Case ID: p2d_749/html/0571-01.html
Source: Caselaw Access Project
Author: {"author": "BRIGHTMIRE, Presiding Judge.", "license": "Public Domain", "url": "https://static.case.law/"}
Date Created: 2024-08-24T03:29:51.129683

In the Matter of the ESTATE OF Ben O’Dell CARROLL, Deceased. Gayle Raye JONES, now Carroll, Appellant, v. William M. CARROLL, Robert J. Carroll, and Richard V. Carroll, Appellees.
    No. 61271.
    Court of Appeals of Oklahoma, Division No. 4.
    Oct. 13, 1987.
    As Corrected Jan. 19, 1988.
    Rehearing Denied Nov. 2, 1987.
    Certiorari Granted for Limited Purposes, Otherwise Certiorari Denied Jan. 19, 1988.
    
      James R. Adams, Eufaula, for appellant.
    Kenneth W. Lackey, Eufaula, for appel-lees.
   BRIGHTMIRE, Presiding Judge.

Two primary questions emanate from the proceedings below: (1) Does the weight of the evidence clearly support the trial court’s finding that testator, Ben O’Dell Carroll, was a single man when he executed his last will on April 5,1977? and (2) Did the trial court err as a matter of law in holding that a devisee named in the April 1977 will, Gayle Raye Jones, was precluded by 84 O.S.1981 § 114, from taking under the probated will because she later married and divorced the testator?

We answer both questions affirmatively.

I

On April 5, 1977, Ben O’Dell Carroll executed his last will in which he declared, “I am unmarried [and] have had three children ... whose names are: Robert James Carroll; Richard Vance Carroll; and William Michael Carroll.” He bequeathed “all horses, horse trailers, saddles, bridles and other tack” which he possessed at the time of his death to Gayle Raye Jones. And, after bequeathing certain personal property to his sons, he devised all of his real estate as follows: An undivided one-half interest to Gayle Raye Jones, and an undivided one-sixth interest to each of the three sons. The testator nominated Jones to serve as executor of his estate and his son William was named as an alternate representative.

In its essentiality, the record discloses that Jones had for quite some time served as a trainer of horses owned by the testator. In time the two people became very close, in fact intimate friends, and though the relationship had its ups and downs the couple had begun sharing the same bed at the time the will was executed. Late in the fall of 1978 the couple agreed to get married. Two days after Christmas, they wed.

After a somewhat stormy marriage they decided to divorce and the union was judicially dissolved in April 1982. The couple’s close personal relationship continued, however, much the same as before, marked by a now-and-then living arrangement.
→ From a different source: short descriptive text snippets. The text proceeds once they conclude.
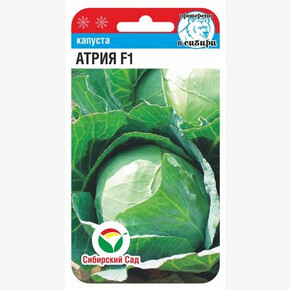 Капуста Атрия F1 10шт Сиб Сад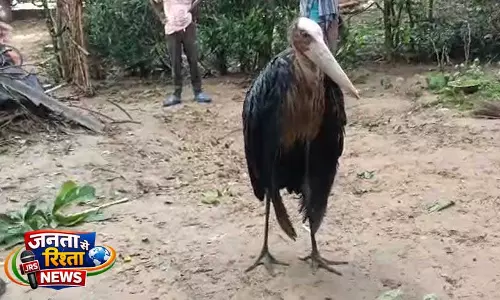 Odisha के बालासोर जिले में दुर्लभ पक्षी को बचाया गया Odisha के बालासोर जिले में दुर्लभ पक्षी को बचाया गया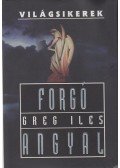 Greg Iles - Forgó angyal
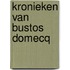 Kronieken van bustos domecq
Eventually testator moved to an apartment in Tulsa where he died February 18, 1983. The will in question was found among his personal effects in his Tulsa habitation.

One of the testator’s sons, William Michael Carroll, the one designated as alternate executor in the will, filed a petition March 28, 1983, asking the court to admit the April 1977 will to probate and appoint him executor, notwithstanding the testator’s primary nomination of Gayle Jones. To circumvent the expressed wishes of the testator, and in direct contradiction of his father’s explicit testamentary statement, William Carroll alleged that his father and Gayle Jones were married by virtue of a common-law agreement at the time the will was executed and that by statutory law their 1982 divorce operated to revoke the testamentary gifts to Jones.

Gayle Jones intervened in the probate proceeding early on by filing an objection to William Carroll being appointed executor and asked the court to appoint her.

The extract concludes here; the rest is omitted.